TRIBUNNEWS.COM, JAKARTA - Anas Urbaningrum angkat bicara terkait kritikan Presiden Susilo Bambang Yudhoyono (SBY) mengenai adanya praktik politik dinasti yang menjamur di Indonesia. Ketua Presidium Perhimpunan Pergerakan Indonesia (PPI) itu menyebutkan, bahwa SBY menolak adanya sistem politik dinasti.
"Minggu lalu saya berseri-seri, ketika SBY mengkritik sistem dinasty, artinya secara nilai SBY setuju dengan sistem meritokrasi. Itu artinya SBY percaya dengan nilai dan prinsip meritokrasi. Untuk itu saya berseri-seri, berarti SBY cocok dengan PPI," ujar Anas dalam dialog Perhimpunan Pergerakan Indonesia (PPI) bertema Dinasti Versus Meritokrasi Politik, di rumah pribadinya, Duren Sawit, Jakarta Timur, Jumat (18/10/2013).
Menurut Anas, untuk membangun demokrasi yang sempurna, sistem meritokrasi harus diutamakan. Hal tersebut diperlukan dalam proses rekuitmen jajaran pemerintah guna menempatkan seseorang pada jabatan yang sesuai dengan kemampuan, kecakapan dan prestasinya.
"Tentu kita harus mendukung kritikan SBY itu, beliau ingin meritokrasi semakin lebar, semakin mekar di pusat dan di daerah. Bagi saya SBY adalah orang yang setuju meritokrasi, dan itu sistem yang cocok untuk membangun demokrasi," katanya.
Sebelumnya, Presiden BY menyinggung adanya posisi di jajaran pemerintah daerah yang diisi oleh kerabat-kerabatnya sendiri. Hal tersebut merujuk pada Pemda Banten yang hampir pucuk pimpinan daerah diisi oleh kerabat dan keluarganya sendiri. Presiden mengatakan hal tersebut tidaklah patut.

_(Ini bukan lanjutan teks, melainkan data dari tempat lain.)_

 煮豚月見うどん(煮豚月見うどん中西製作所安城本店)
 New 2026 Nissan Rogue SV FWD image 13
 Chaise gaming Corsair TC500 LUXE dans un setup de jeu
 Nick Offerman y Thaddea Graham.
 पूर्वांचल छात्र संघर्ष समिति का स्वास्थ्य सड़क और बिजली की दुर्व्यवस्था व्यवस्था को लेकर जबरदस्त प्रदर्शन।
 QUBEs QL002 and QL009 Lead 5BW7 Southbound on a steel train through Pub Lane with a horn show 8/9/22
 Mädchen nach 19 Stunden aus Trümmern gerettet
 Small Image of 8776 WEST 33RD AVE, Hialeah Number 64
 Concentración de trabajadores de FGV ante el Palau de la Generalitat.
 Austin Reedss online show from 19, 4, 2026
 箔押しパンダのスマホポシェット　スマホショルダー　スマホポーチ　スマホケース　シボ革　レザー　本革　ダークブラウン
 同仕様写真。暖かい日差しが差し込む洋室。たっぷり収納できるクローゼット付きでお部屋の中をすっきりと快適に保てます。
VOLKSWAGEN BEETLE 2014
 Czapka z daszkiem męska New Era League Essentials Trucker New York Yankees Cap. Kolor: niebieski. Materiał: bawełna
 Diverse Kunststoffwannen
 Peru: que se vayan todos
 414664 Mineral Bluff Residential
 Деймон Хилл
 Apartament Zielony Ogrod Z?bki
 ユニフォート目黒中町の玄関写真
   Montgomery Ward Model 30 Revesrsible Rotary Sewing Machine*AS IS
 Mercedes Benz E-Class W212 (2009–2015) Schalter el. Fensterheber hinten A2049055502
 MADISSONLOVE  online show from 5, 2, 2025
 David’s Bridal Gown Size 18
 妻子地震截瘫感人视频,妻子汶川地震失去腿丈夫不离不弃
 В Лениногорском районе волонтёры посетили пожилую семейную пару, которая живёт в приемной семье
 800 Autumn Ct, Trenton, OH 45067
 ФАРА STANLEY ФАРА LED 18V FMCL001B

"Meskipun UUD 1945 maupun UU tidak pernah membatasi siapa menjadi apa posisi di pemerintahan, apakah ayah, ibu, anak, adik itu menduduki posisi-posisi di jajaran pemerintahan, tetapi saya kira, kitalah yang mesti memiliki norma batas kepatutan. Yang patut itu seperti apa, yang tidak patut juga seperti apa," kata SBY di Istana Merdeka usai bertemu Perdana Menteri India, Manmohan Singh, Jumat (11/10/2013) silam
Tak hanya menyinggung ketidakpatutan pemerintahan daerah dikuasai oleh keluarga yang sama, Presiden SBY pun mengingatkan bahayanya ketika kekuasaan politik menyangkut dengan kekuasaan untuk melaksanakan bisnis. Menurutnya, potensi godaan dan penyimpangannya bisa sangat besar.
"Kalau melebihi kepatutannya, godaannya datang dan kekuasaan yang ada di satu orang atau keluarga yang kain mengait memiliki kecenderungan untuk disalahgunakan. Bangun kehidupan pemerintahan dan bernegara yang baik. Kalau itu wajar, patut, maka tidak akan membawa keburukan apapun," katanya.
Ia pun meminta agar masyarakat lebih aktif untuk menentukan dan mengawasi kekuasaan pemerintah daerahnya. Terlebih lagi ketika kekuasaan politik itu diiringin dengan kepentingan bisnis.
"Jangan karena UUD tidak melarang, UU tidak melarang, tapi kita yang memilih pilihan yang patut dan pilihan yang bijak," katanya.